En parallèle, l’image dégradée d’eux-mêmes renvoyée par une société qui ne cesse de remettre en question l’intensité de leurs émotions, finit par les plonger dans une grande mésestime d’eux-mêmes, dans une grande fragilité identitaire.
A ce stade le gros danger consiste à lâcher prise en refoulant ses émotions pour ne plus subir la critique. Ainsi l’hypersensible peut tamiser le feu qui est en lui pour paraitre « moyen ». Mais c’est négliger le fait que les émotions ne cicatrisent pas quand elles sont étouffées ; la pression montante jour après jour, le risque d’une « explosion » (dépression, drogues, suicides…) devient réel : le non-dit tue. Alors si refouler n’est pas une bonne idée la seule solution pour l’hypersensible est d’accepter sa nature et la force de ses émotions. C’est le premier pas vers la vraie solution : apprendre ensuite à gérer et canaliser ce flux trop puissant pour être longtemps étouffé. Et en matière de défouloir, les possibilités sont nombreuses : se lancer dans un sport de combats ou un sport d’endurance ; s’initier à une activité créatrice, ranger dix fois de suite le garage ou tondre le gazon au ciseau : qu’importe l’exutoire tant cette activité soit libératrice du trop plein d’émotions. Pour résumer en citant un hypersensible notoire (Alfred de Musset) : « Qu’importe le flacon pourvu qu’on ait l’ivresse « (par contre ne prenez pas cette phrase au premier degré – au risque de terminer comme son auteur !)

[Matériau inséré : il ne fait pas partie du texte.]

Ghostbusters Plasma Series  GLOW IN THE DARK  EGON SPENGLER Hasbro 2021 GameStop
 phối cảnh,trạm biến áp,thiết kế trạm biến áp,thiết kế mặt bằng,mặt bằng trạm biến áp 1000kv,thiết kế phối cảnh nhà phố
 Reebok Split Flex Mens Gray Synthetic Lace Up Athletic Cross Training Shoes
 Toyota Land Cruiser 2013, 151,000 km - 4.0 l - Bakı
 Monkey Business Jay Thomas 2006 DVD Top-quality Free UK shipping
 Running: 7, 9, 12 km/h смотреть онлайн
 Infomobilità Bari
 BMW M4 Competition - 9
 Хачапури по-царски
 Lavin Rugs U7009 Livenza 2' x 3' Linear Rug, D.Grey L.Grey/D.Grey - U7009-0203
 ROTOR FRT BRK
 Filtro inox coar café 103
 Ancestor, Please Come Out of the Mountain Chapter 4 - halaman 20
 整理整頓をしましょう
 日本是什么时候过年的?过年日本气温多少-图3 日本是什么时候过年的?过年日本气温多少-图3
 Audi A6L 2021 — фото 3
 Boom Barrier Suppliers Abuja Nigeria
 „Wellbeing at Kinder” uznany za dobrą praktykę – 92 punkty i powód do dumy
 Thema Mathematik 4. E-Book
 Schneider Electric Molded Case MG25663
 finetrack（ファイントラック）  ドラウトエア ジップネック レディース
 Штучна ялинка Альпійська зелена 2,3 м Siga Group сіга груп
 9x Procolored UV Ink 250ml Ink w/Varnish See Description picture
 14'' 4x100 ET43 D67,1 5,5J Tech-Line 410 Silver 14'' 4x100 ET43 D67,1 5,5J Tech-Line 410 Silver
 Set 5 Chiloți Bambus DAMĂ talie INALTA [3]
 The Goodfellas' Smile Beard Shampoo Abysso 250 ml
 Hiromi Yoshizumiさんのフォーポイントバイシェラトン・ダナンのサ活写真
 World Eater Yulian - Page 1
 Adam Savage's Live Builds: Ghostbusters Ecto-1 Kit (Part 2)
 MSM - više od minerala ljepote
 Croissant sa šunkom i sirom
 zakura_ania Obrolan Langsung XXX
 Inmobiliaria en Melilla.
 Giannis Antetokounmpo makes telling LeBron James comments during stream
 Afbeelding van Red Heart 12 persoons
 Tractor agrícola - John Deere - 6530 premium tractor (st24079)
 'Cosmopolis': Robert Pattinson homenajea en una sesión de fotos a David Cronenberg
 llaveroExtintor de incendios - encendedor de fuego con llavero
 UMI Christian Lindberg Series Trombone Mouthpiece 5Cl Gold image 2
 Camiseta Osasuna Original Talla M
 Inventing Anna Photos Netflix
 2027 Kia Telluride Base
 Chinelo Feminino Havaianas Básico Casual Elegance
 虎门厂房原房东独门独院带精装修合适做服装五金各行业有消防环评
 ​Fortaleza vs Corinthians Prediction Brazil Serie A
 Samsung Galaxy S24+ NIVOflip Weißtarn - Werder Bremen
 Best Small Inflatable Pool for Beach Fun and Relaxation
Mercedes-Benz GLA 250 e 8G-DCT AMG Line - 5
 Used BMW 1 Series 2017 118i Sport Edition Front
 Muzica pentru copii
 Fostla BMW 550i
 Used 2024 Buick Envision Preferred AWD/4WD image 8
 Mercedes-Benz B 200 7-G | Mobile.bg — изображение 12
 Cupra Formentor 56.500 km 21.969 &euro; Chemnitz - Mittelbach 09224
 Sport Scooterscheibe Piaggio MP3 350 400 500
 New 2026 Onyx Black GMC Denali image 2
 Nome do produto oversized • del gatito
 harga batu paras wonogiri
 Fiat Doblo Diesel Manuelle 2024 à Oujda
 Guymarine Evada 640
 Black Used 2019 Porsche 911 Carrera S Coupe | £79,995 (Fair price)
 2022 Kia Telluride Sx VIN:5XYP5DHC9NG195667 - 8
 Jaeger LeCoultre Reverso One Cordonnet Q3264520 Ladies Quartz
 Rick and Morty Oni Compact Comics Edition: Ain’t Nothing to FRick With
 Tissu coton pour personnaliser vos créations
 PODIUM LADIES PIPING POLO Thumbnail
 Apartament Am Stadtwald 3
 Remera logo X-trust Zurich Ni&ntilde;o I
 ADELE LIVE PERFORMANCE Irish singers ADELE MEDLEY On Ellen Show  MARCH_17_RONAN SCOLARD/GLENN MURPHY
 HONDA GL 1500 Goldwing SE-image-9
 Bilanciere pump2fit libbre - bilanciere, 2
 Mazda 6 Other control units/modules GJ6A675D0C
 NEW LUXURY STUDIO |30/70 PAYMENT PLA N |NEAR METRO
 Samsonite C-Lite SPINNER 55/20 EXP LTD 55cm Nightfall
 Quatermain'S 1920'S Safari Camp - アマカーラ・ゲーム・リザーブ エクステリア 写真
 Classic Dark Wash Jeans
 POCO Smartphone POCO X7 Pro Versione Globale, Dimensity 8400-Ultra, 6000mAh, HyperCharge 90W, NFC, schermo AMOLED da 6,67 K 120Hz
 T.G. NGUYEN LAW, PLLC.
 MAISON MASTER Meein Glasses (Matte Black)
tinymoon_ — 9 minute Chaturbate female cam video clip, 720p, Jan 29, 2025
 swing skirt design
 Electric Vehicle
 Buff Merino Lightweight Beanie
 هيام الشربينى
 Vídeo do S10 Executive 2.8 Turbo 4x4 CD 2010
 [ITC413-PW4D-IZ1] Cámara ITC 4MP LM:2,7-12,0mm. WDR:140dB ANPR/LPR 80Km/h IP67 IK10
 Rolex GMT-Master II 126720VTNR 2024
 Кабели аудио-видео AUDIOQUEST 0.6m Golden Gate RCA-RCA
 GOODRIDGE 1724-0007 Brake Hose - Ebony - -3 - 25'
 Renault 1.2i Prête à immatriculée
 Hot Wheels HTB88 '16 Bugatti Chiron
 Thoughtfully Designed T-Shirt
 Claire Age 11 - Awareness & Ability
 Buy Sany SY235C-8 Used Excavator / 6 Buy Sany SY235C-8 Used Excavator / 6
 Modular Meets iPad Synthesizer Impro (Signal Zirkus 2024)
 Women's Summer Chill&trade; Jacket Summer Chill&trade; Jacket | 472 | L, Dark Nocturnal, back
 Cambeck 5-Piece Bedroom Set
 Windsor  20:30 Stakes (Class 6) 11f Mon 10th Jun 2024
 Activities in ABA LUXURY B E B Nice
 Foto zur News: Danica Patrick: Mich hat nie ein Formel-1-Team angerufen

Entre quête de l’approbation et empathie : l’hypersensible et les autres
L’hypersensible est un être empathique qui se caractérise par un humanisme à toute épreuve. On le retrouvera souvent se porter volontaire en premier pour le déménagement de la mansarde au 6ieme étage sans ascenseur, pour accueillir ce stagiaire dont personne ne veut s’encombrer et passer un temps fou pour lui transmettre sa passion, pour s’engager dans un projet humanitaire au détriment de ses espoirs de rémunérations…. Plus à même de comprendre leur environnement, ils parviennent beaucoup plus rapidement à comprendre l’autre et ses intentions, à ressentir ce que l’altérité ressent.
Aussi ses élans de générosité sont fréquents et désintéressé (généralement il ne possède pas un grand esprit de compétition). Mais a contrario, il peut ressentir toute la douleur du monde comme si elle lui était propre, d’où une impression de porter seul sur ses épaules toute la misère du monde.
Les hypersensibles sont aussi caractérisés par le désir d’être aimé et de vivre en harmonie ; c’est à dire sans conflits. Paradoxalement ils attachent une grande importance au regard des autres, alors même que ces derniers ont du mal à saisir leurs élans ou comprendre comment ne pas heurter leur sensibilité. D’où des conflits qui peuvent éclater du décalage entre ce que peut offrir l’individu normal et ce qu’attend l’individu hypersensible de sa relation à l’autre. Et le perdant sera toujours l’hypersensible qui se voit doublement meurtris : d’abord car il déteste le conflit, ensuite parce qu’il ne retrouve pas dans sa relation à autrui ce désir d’amour qui l’anime.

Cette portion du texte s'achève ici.